*Task statement*
Reproduce the listing below word for word and exclude any picture.

*Records provided*

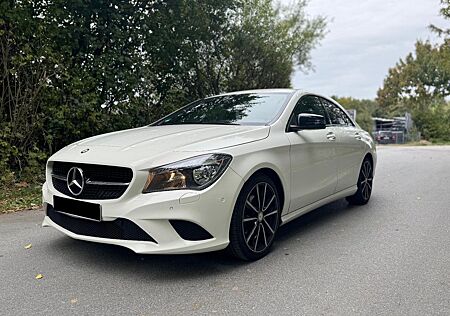 Mercedes-Benz CLA 200 Night/Urban 18" 6-Gang TÜV 08/27 8-fach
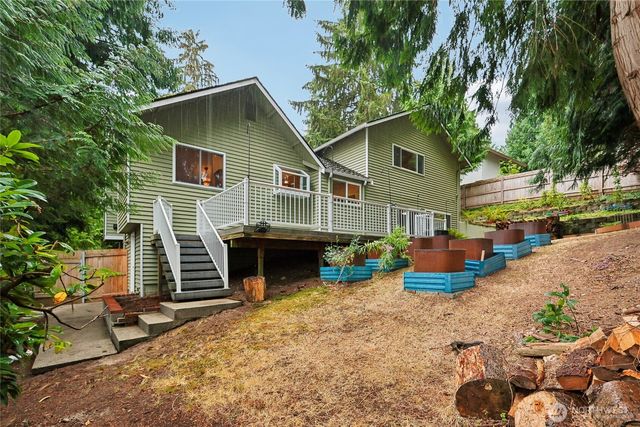 4315 210th Place NE, Sammamish, WA 98074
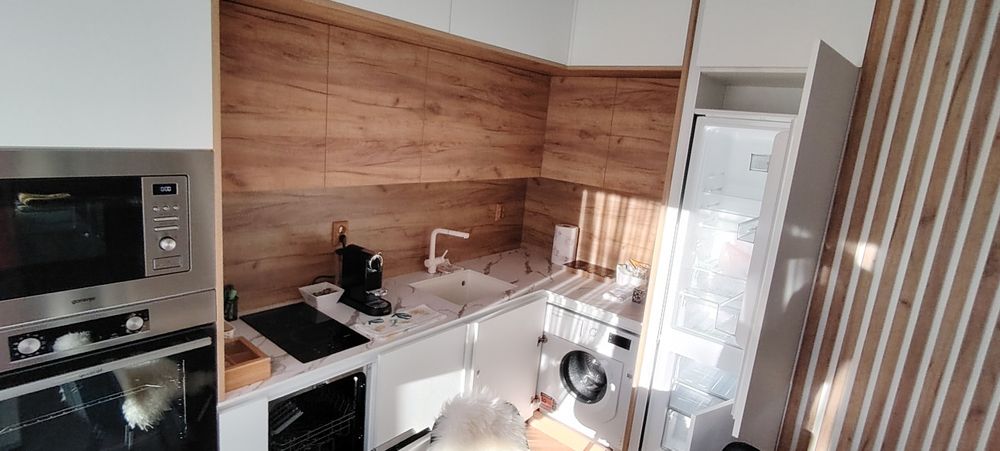 Продава се напълно нов, луксозно обзаведен апартамент във Велинград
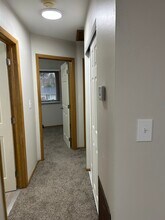 609 Linden Ave, Unit 3 in Hartford, WI - Foto de edificio - Building Photo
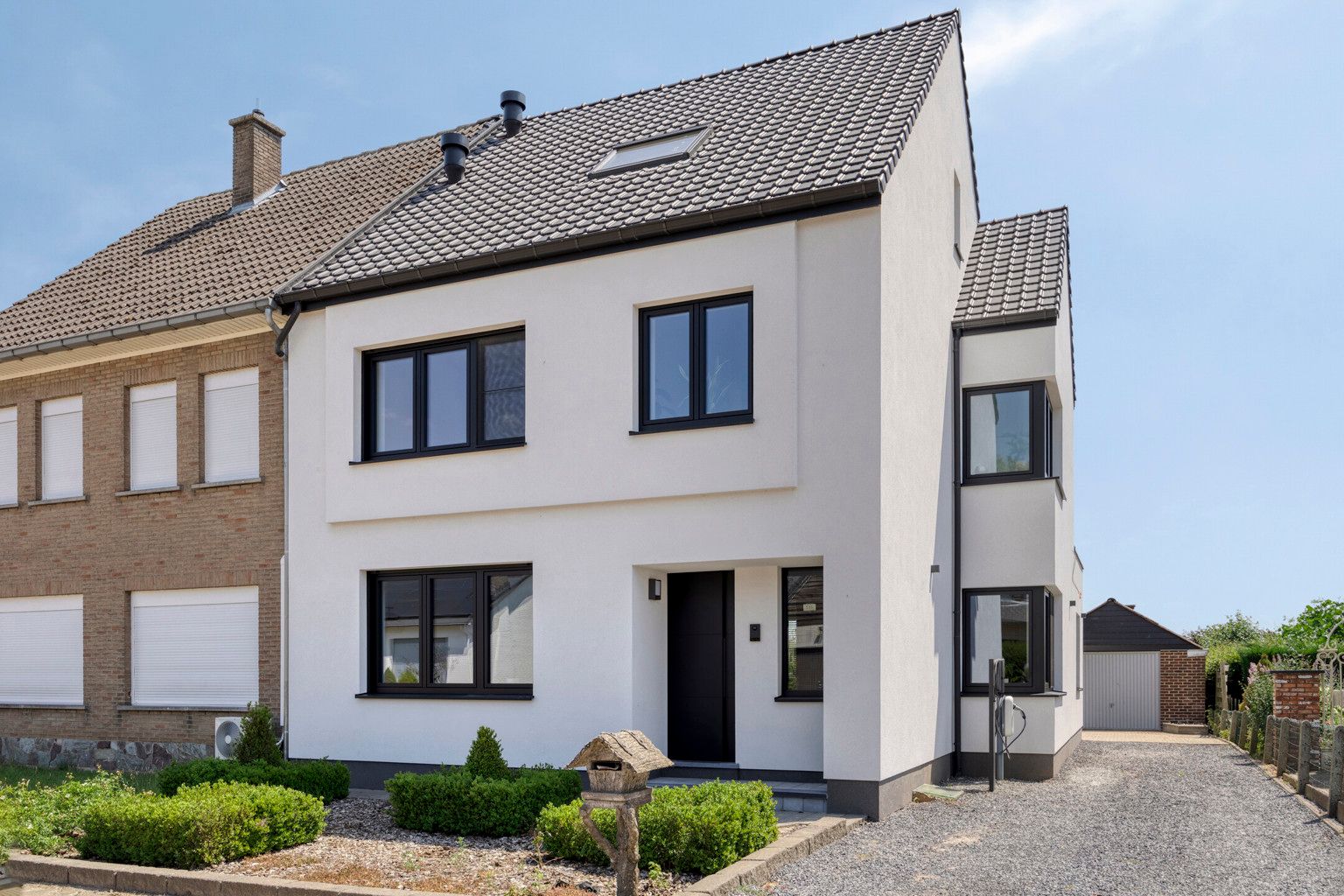 instapklare, volledig gerenoveerde woning met tuin in Tienen foto {{pictureIndex}}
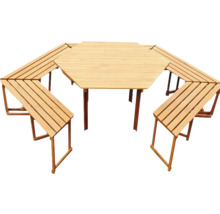 Sechseckiger Holztisch mit passenden Holzbänken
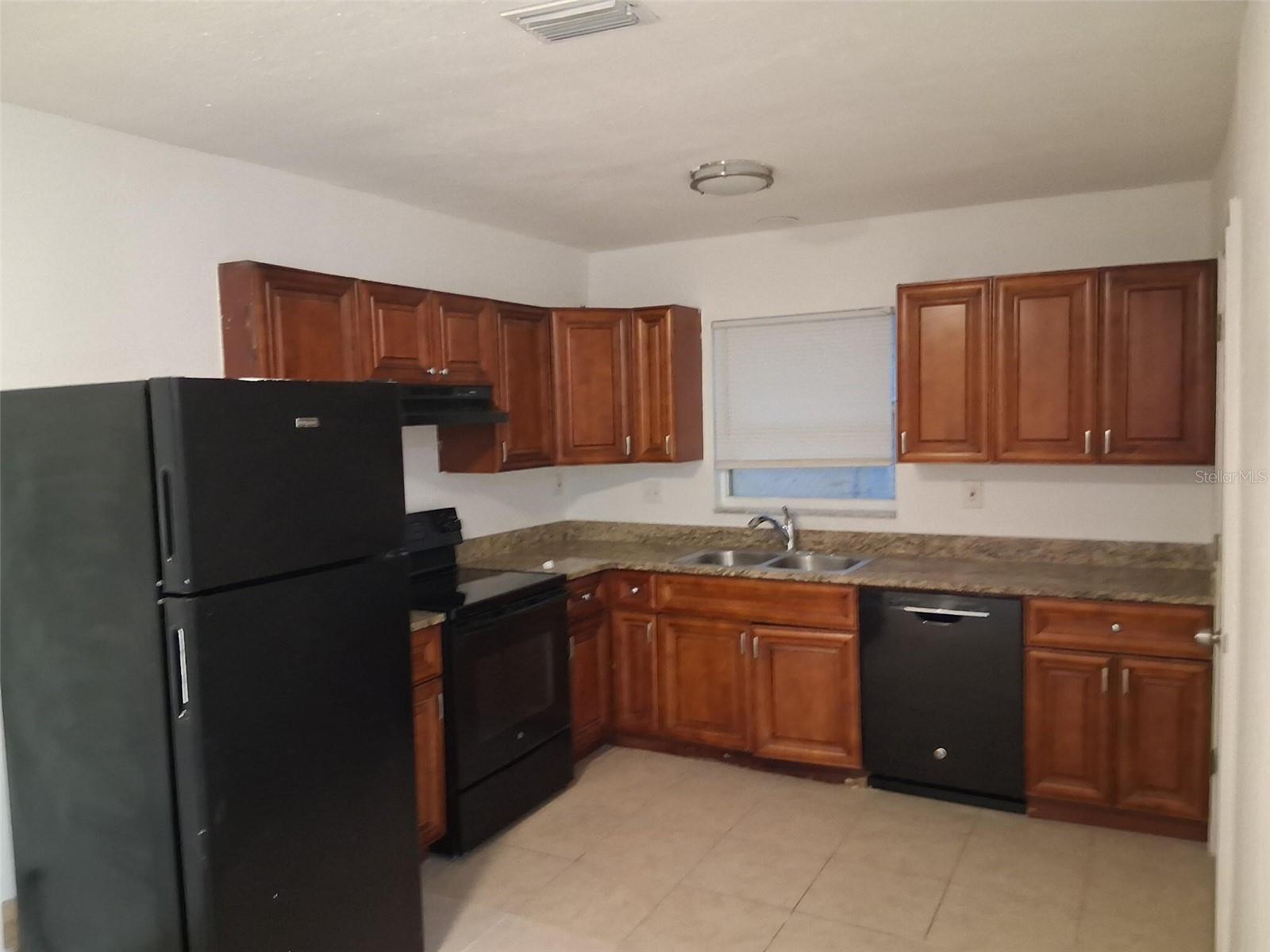 Image 2 of 18 For 2843 13th Avenue N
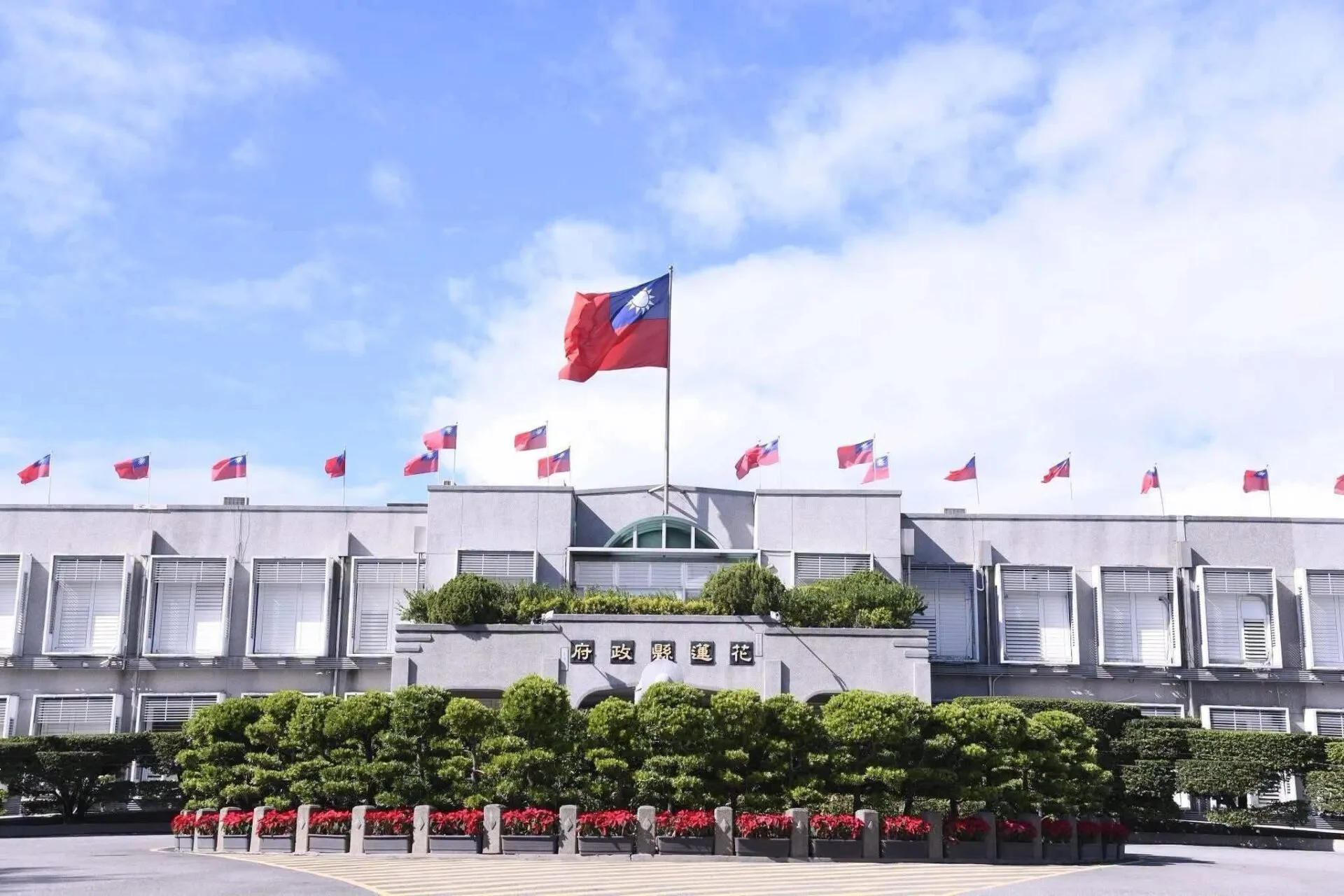 樂見立院三讀通過長者健保免費 徐榛蔚:釋出經費將促進兒少福祉 樂見立院三讀通過長者健保免費 徐榛蔚:釋出經費將促進兒少福祉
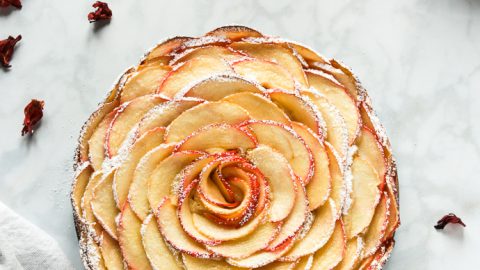 https://marisasitaliankitchen.com/wp-content/uploads/2018/10/Apple-Rosette-Cake-2-1-of-1-480x270.jpg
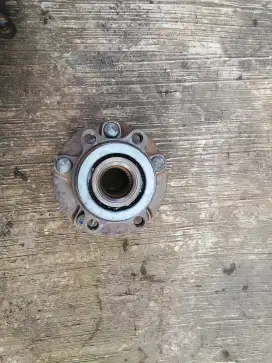 Hub roda belakang nisan serena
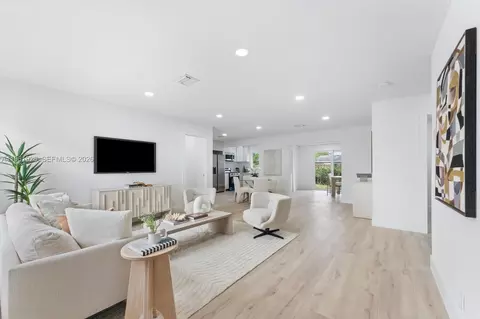 6231 NW 18th St, Sunrise, FL 33313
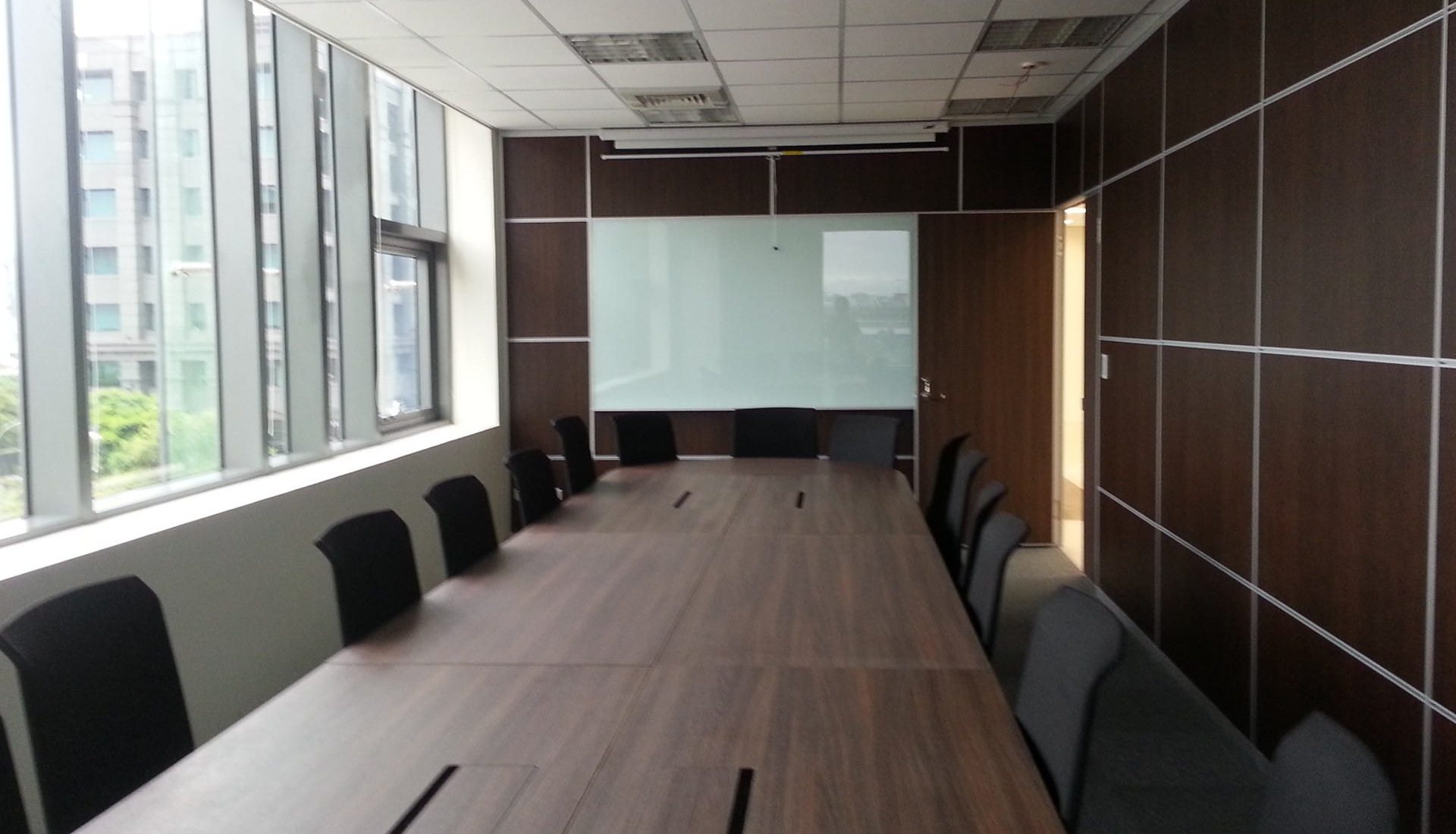 辦公室空間-四季春會議室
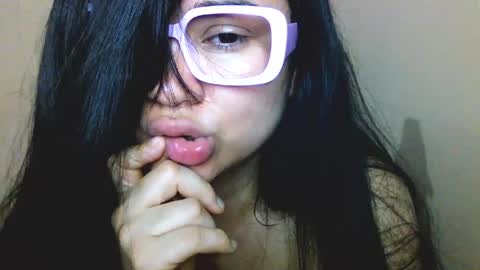 onlyfan laureng7 - 7 laureng2 online show from 04.13.26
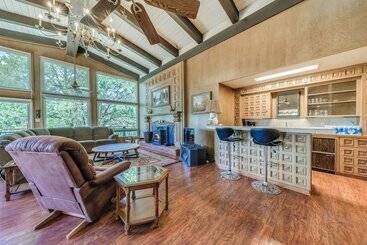 کلبه Spacious Ruidoso Home W/ Sierra Blanca Mtn Views!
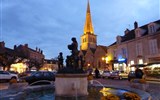 Beaujolais a Burgundsko, kláštery a slavnost vína 2017 - Francie - Beaujolais - Meursaul, náměstí s kašnou a kostelem Saint Nikolas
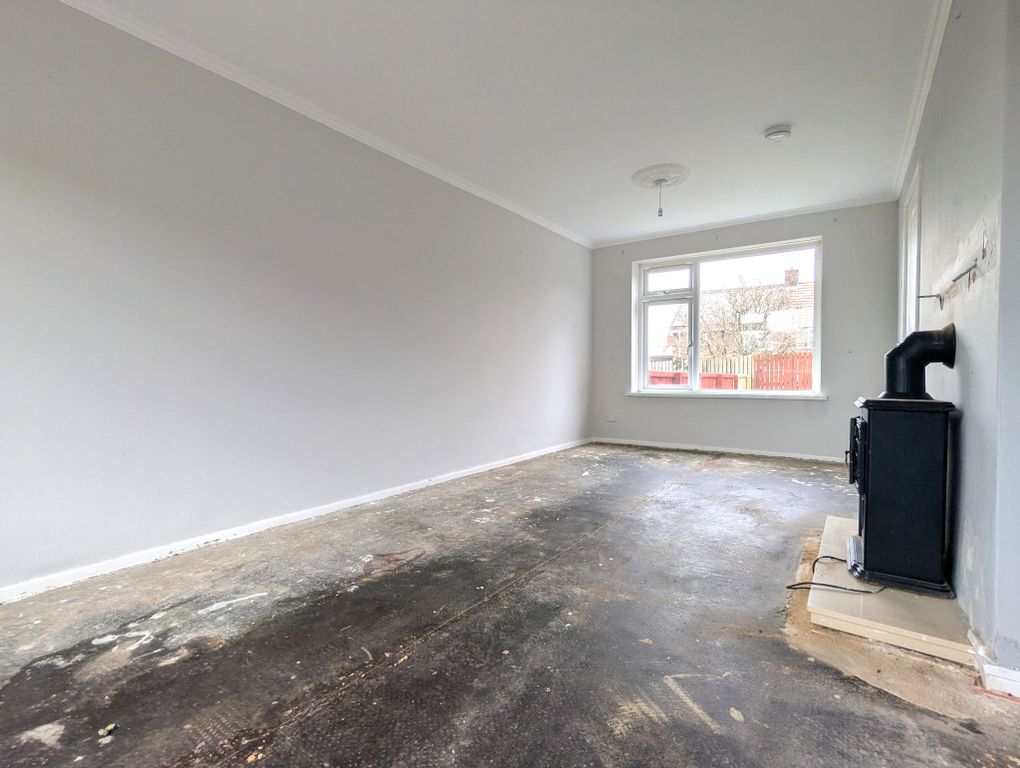 Property photo 2 of 12 Photograph 2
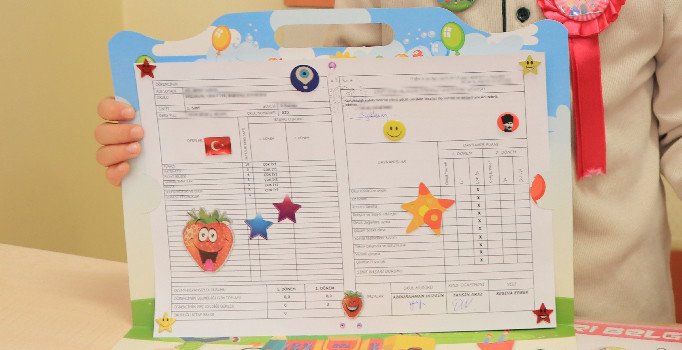 Karnesini sosyal medyada paylaşan çocuklar tehlikede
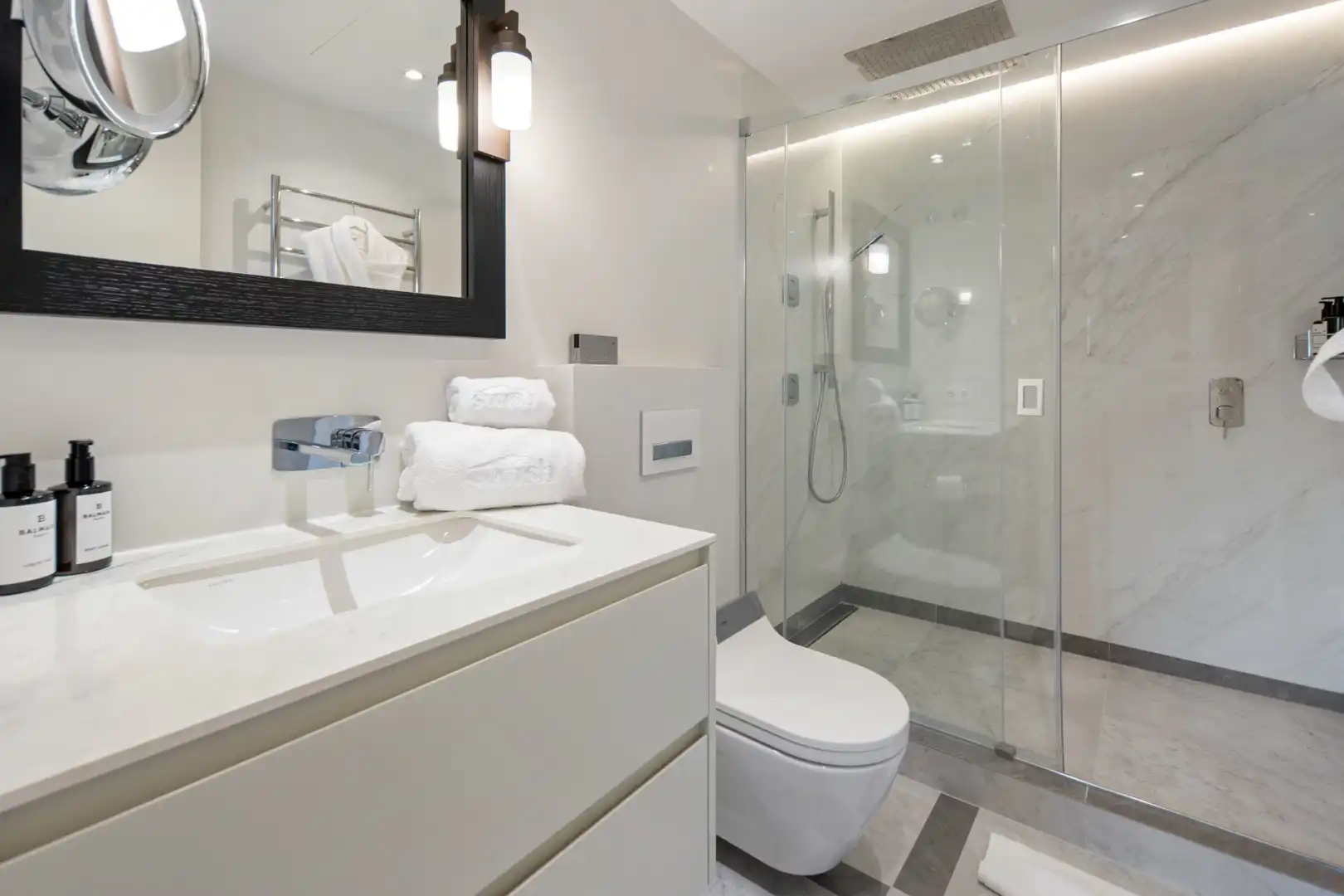 Apartamento con piscina en venta en Milla de Oro, imagen 23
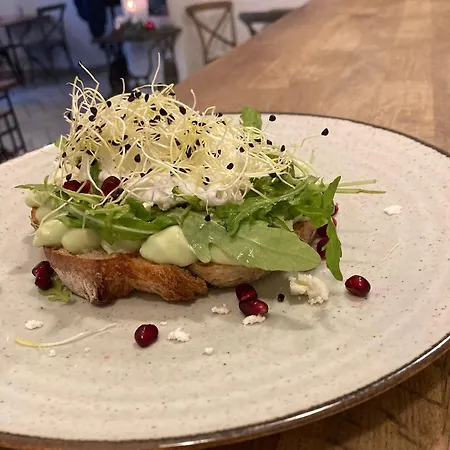 Time Cafe & بيت ضيافة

*Written response*
 Mercedes-Benz CLA 200 Night/Urban 18" 6-Gang TÜV 08/27 8-fach
 4315 210th Place NE, Sammamish, WA 98074
 Продава се напълно нов, луксозно обзаведен апартамент във Велинград
 609 Linden Ave, Unit 3 in Hartford, WI - Foto de edificio - Building Photo
 instapklare, volledig gerenoveerde woning met tuin in Tienen foto {{pictureIndex}}
 Sechseckiger Holztisch mit passenden Holzbänken
 Image 2 of 18 For 2843 13th Avenue N
 樂見立院三讀通過長者健保免費 徐榛蔚:釋出經費將促進兒少福祉 樂見立院三讀通過長者健保免費 徐榛蔚:釋出經費將促進兒少福祉
 https://marisasitaliankitchen.com/wp-content/uploads/2018/10/Apple-Rosette-Cake-2-1-of-1-480x270.jpg
 Hub roda belakang nisan serena
 6231 NW 18th St, Sunrise, FL 33313
 辦公室空間-四季春會議室
 onlyfan laureng7 - 7 laureng2 online show from 04.13.26
 کلبه Spacious Ruidoso Home W/ Sierra Blanca Mtn Views!
 Beaujolais a Burgundsko, kláštery a slavnost vína 2017 - Francie - Beaujolais - Meursaul, náměstí s kašnou a kostelem Saint Nikolas
 Property photo 2 of 12 Photograph 2
 Karnesini sosyal medyada paylaşan çocuklar tehlikede
 Apartamento con piscina en venta en Milla de Oro, imagen 23
 Time Cafe & بيت ضيافة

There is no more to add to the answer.